Heute vor einem Jahr wurde der russische Oppositionspolitiker Boris Nemzow in Moskau erschossen, 200 Meter von der Kremlmauer entfernt. Nemzow hatte Korruption in den höchsten Regierungskreisen und Russlands Aggression gegen die Ukraine kritisiert. Seine Anhänger haben heute zu Gedenkmärschen aufgerufen. Sie wollen sich nicht einschüchtern lassen.

Von Gesine Dornblüth | 27.02.2016
    Boris Nemzow starb an diesem Punkt auf der Kreml-Brücke
    Boris Nemzow starb an diesem Punkt auf der Kreml-Brücke - Menschen haben Blumen niedergelegt (Deutschlandradio / Sabine Adler)
    In vielen russischen Städten sind heute Gedenkmärsche für den ermordeten Oppositionspolitiker Boris Nemzow angekündigt, in Moskau soll er am Mittag beginnen. Im Vorfeld haben prominente Kremlkritiker in Videobotschaften zur Teilnahme aufgerufen. Dmitrij Gudkow, einer der letzten unabhängigen Duma-Abgeordneten:
    "Boris Nemzow hat für ein freies Russland gekämpft, für unsere Verfassungsrechte. Wer Anstand hat, muss an diesem Marsch teilnehmen."
    Dem Publizisten Alexander Ryklin geht es nicht nur ums Gedenken, sondern auch um Protest: "Ich will meine Haltung zu dem ausdrücken, was im Land passiert. Es hat aufgehört, ein normales Land zu sein. Ich denke, wir werden viele. Irgendwann erreichen wir, wofür Boris Nemzow gekämpft hat."

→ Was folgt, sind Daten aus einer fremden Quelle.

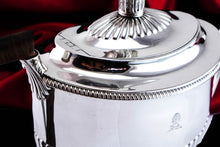 Load image into Gallery viewer, Antique Georgian Solid Silver Teapot with Coronet-like Finial - Daniel Pontifex London 1798
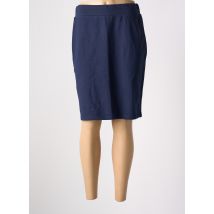 JENSEN - Jupe mi-longue bleu en viscose - Femme - Taille 46 - Modz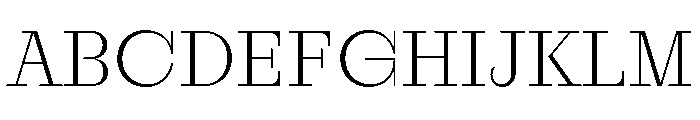 RaimText Extralight Font UPPERCASE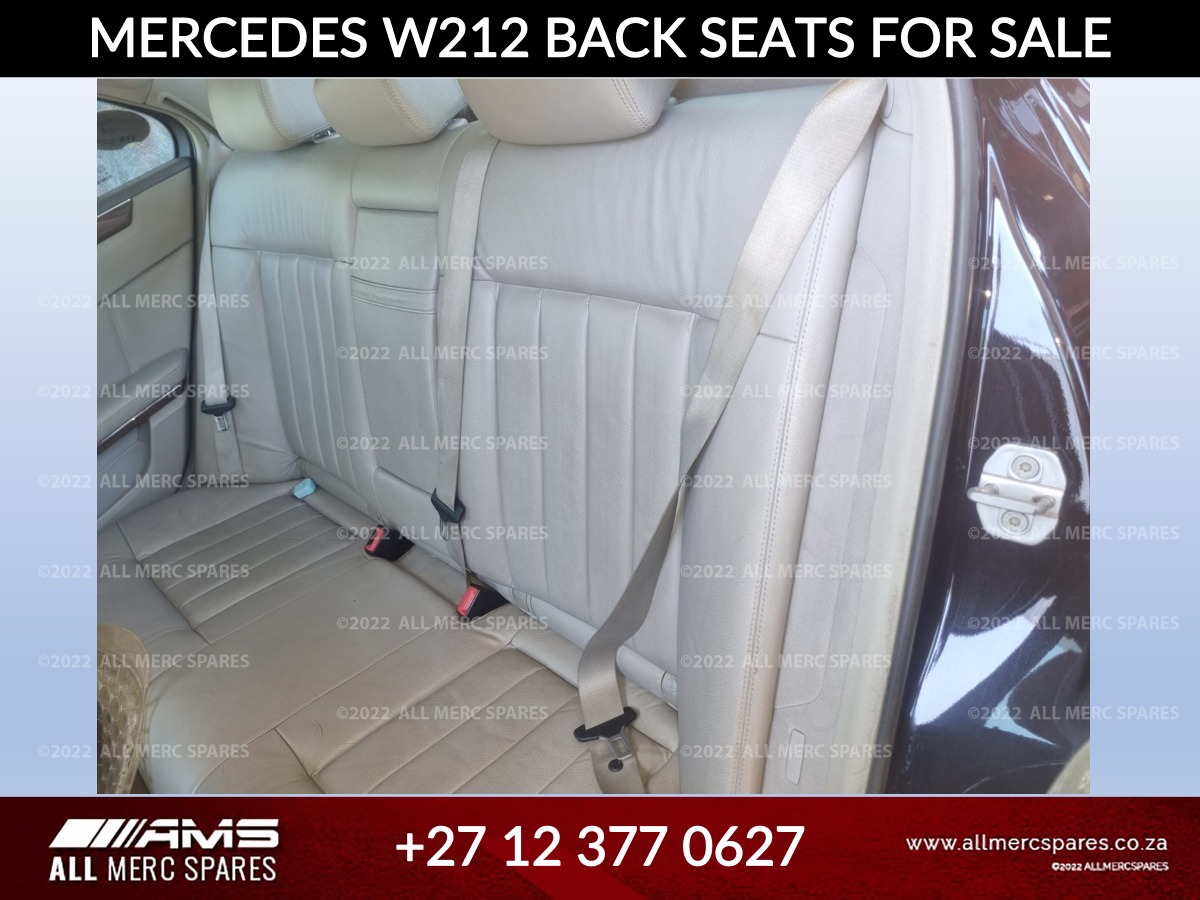 Used Mercedes W212 Back Seats for Sale - Private Seller Used Mercedes W212 Back Seats for Sale - Private Seller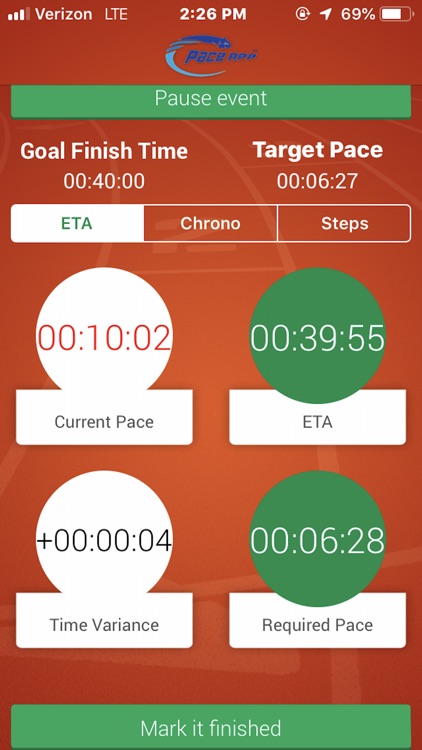 Pace App-Know Your Finish Time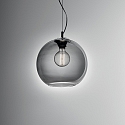 Ideal Lux Pendelleuchte NEMO FUME SP1 D50, E27, � 50cm, Rauchglas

    Hintermänner auf freiem Fuß
    Boris Nemzow, in den 90er Jahren stellvertretender Premierminister, Putin-Kritiker, zuletzt Abgeordneter in einem Regionalparlament, starb kurz vor Mitternacht vor einem Jahr, auf dem Heimweg aus einem Café, zweihundert Meter vom Kreml entfernt. Der Mörder schoss ihm in den Rücken und verschwand mit dem Auto. Präsident Wladimir Putin ordnete noch nachts den Einsatz einer Sonderermittlungsgruppe an. Bereits wenige Tage später wurden fünf Tatverdächtige festgenommen. Sie stammen aus der russischen Teilrepublik Tschetschenien und haben zum Teil gestanden. Die Hintermänner aber sind weiter auf freiem Fuß.
    Die Zeitung "Nowaja Gaseta" hat recherchiert, dass der Chef des russischen Geheimdienstes Präsident Wladimir Putin bereits drei Tage nach dem Mord über den mutmaßlichen Tathergang informierte. Demnach soll ein stellvertretender Bataillonskommandeur aus Tschetschenien den Mord an Nemzow organisiert haben. Gegen den Mann wurde nie Anklage erhoben. Er ist der Cousin eines Duma-Abgeordneten der Kreml-Partei Einiges Russland. Der Abgeordnete wiederum ist einer der engsten Vertrauten von Republikchef Ramsan Kadyrow.
    Hinweise auf Kadyrows Umfeld
    Im Umfeld des ermordeten Nemzow glaubt man, dass Kadyrow die mutmaßlichen Täter deckt, wahrscheinlich sogar selbst am Mord beteiligt war. Ilja Jaschin von der Partei Parnas, deren Co-Vorsitzender Nemzow war:
    "Die Leute, die Nemzow umgebracht haben, sind mit dem Umfeld Kadyrows verbunden. Ich habe große Zweifel, dass sie handeln konnten, ohne das mit Ramsan Kadyrow abzustimmen. Aber ob Kadyrow das letzte Glied der Kette ist, weiß ich nicht."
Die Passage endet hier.